An atypical figure, long forgotten, is the origin of women’s emancipation through sport and the wider openness of the Olympics to it: Alice Millais, a teacher from Nantes, an accomplished athlete (rowing, field hockey …), campaigns for the development and recognition of women’s sport. “Alice Millais was a pioneer. She concretely claimed equal rights to sports. She was a feminist in action. Without her, I don’t know where we would be,” confirms Julie Gaucher. Alice Milliat canceled for years with the International Olympic Committee (IOC) before finally allowing the “weaker sex” to compete in athletics at the 1928 Amsterdam Olympics, in just five events: high jump, discus, 100m, 4x100m relay and 800 meters. For Coubertin, who left the presidency of the International Olympic Committee in 1925, the entry of women into the field of men is “a major insult to the greatness and original purity of this competition”. Two hundred and seventy-seven women participated in the Amsterdam Games (9.6% of the competitors). Strong media coverage. Historians of the time will describe the suffering of female athletes after the 800m with so much misogyny and ill will that the event will be removed from the women’s program until the Olympic Games in Rome in 1960.

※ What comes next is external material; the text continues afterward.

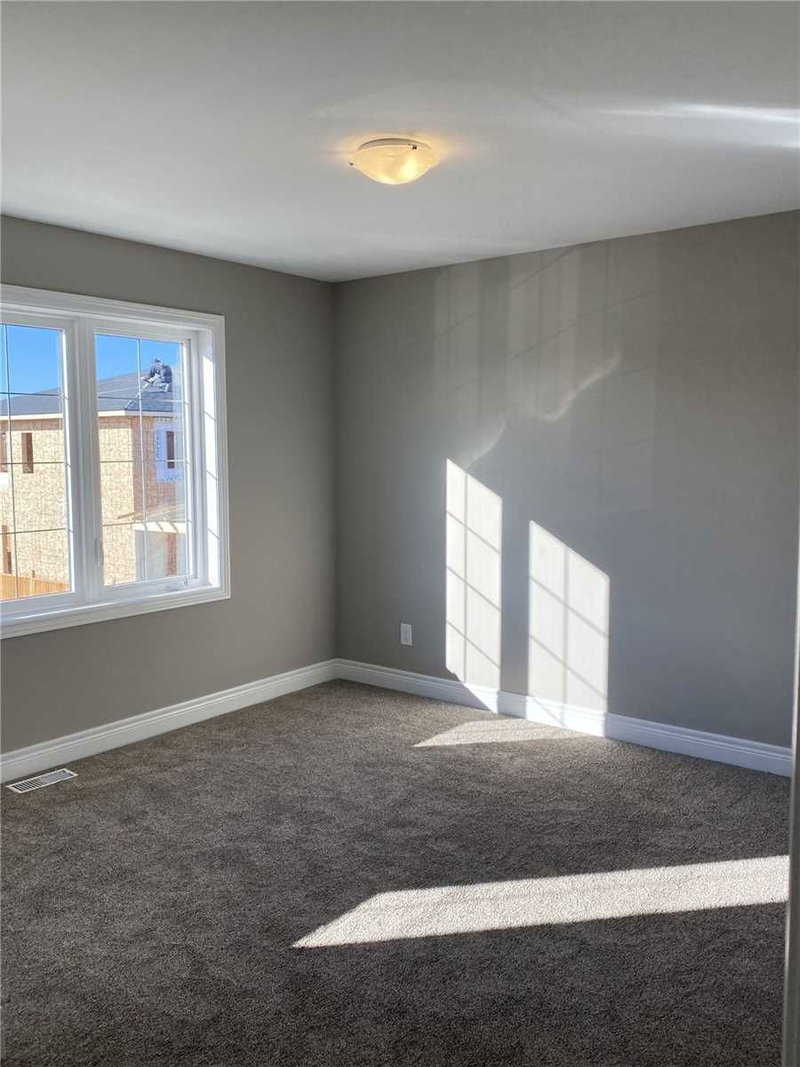 4 - 18 Corbin St, St. Catharines, L2P 0E8 | Image 3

World War II and the Vichy regime brought women home. The 1952 Helsinki Olympics marked a turning point: the Soviet Union agreed to participate in the Games, in the midst of the Cold War. “For Stalin, it is about winning as many medals as possible. The sports strategy of the Soviets was to bet on small disciplines neglected by Westerners (weightlifting, wrestling, rowing, etc.), and, above all, to promote female participation, while sports Women in the West is not a priority at all. Pierre Lagro explains that “the Soviet Union uses women to promote its ideology.” Since her first participation, she has taken second place in the general classification, after the United States, with 71 medals against 76. The USSR has given a boost Big in the race for medals, with the first participation in the Olympic Games for the German Democratic Republic. The German Democratic Republic uses women and establishes doping at the state level to win medals,” continues the historian. The ‘Olympic Cold War’ has its heroines: On the Soviet side, gymnast Larisa Latynina would for nearly half a century remain the world’s most decorated Olympic athlete (18 medals), of all genders and all disciplines combined, prior to the coronation of American swimmer Michael Phelps in London in 2012 .

Women’s athletic participation in the Olympic Games slowly declined over time, from 10.5% in 1952 to 20.7% in 1976, 34% in 1996, 38.2% in 2000, and 45% in 2016… It should be noted that since 1991 For a sport to be included in the Olympic programme, it must include women’s events. Another influential figure: The 2012 London Olympics was the first in history to which all participating nations sent female athletes.

Digital parity but interface parity

The Paris 2024 Olympics promise historic equality, declaring as many sports as the number of qualified athletes. “Today, with 48% of the participants in the Tokyo Olympics, we are almost on numerical parity, but parity for the facade, points out Pierre Lagro. We will achieve true parity when women’s sport is recognized at the same level as men’s, and when women’s sports earn as much as men’s Sports. The gains of judoka Teddy Renner, gold medalist at the 2016 Rio Olympics, have nothing to do with those of Emily Andiol, also the 2016 gold medalist in the same field.” After her feat, the jury returned to anonymity, and as Unemployed, she will have to tell the ‘kitchen’ in the media to find a job at the end of 2019. Even for Olympic champions, the game is still far from winning.